Bowen’s theories on periodic rainfall

Bowen’s remarkable energy and enthusiasm were evident also in other programs. He was not afraid to speculate and presented his intuitive ideas with a persuasive and engaging optimism that was either inspiring or alarming to his colleagues, depending on their views of science. Two of his well known theories about periodic rainfall variations illustrate this.

The influence of meteor showers

From the daily rainfall records for Sydney over the period 1859 to 1952 and for stations elsewhere in New South Wales and in other countries, Bowen found well defined peaks of rainfall in January and February. These anomalies he correlated with the passage of the Earth, 30 days earlier, through specific meteor streams that orbit the sun. He suggested that the smaller particles fell through the atmosphere to cloud level in 30 days, where they induced the observed rainfall.

The apparent physical implausibility of this hypothesis attracted a wave of criticism: the number of particles was insufficient, the fall time would not be fixed, and the particles would not form ice crystals. Even the reality of the anomalies was vigorously questioned, but independent analysis showed that they were statistically significant. But Bowen was not impressed by purely statistical arguments and insisted that his staff probe crucial aspects of his hypothesis by empirical tests in clouds. Whether he was right to invoke meteor showers to explain the rainfall anomalies and if so, how they influenced clouds after a fixed time interval, has yet to be demonstrated.

Lunar effects

In 1962, following a paper published in the USA, Bowen and Adderley showed that there were similar lunar effects in the monthly rainfall records for fifty New Zealand stations with comparable magnitude and closely related phase. The reality of the effect was beyond doubt. Independent frequency analysis revealed an amplitude variation of 20% and a periodicity of 29.5307 days. The mean period between full moons is 29.5306 days.

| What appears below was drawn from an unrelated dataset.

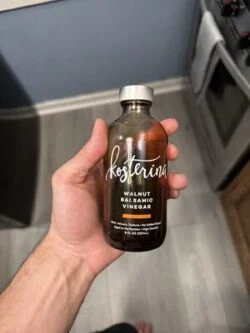 Kosterina Walnut Balsamic Vinegar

Bowen suggested that the Moon, revolving about the Earth, could modulate the amount of meteor dust reaching the Earth, and later showed that meteor rates in both the northern and southern hemispheres varied similarly with lunar phase. He argued that the Moon could intercept the particles or alternatively could deflect them because of electrostatic charges on the Moon and particles. Modern studies by his colleague, EK Bigg, however, suggest that the Moon’s influence on rainfall is more likely to be caused by the lunar tides in the Earth’s atmosphere.

Conclusion

The cloud and rain physics group, under Bowen’s leadership, worked in a most stimulating environment. Even his more speculative ideas sometimes drove his critics to discover truths that would otherwise have remained hidden. Over twenty-four years, the group established a high international reputation with its achievements and an impressive number of sound scientific publications.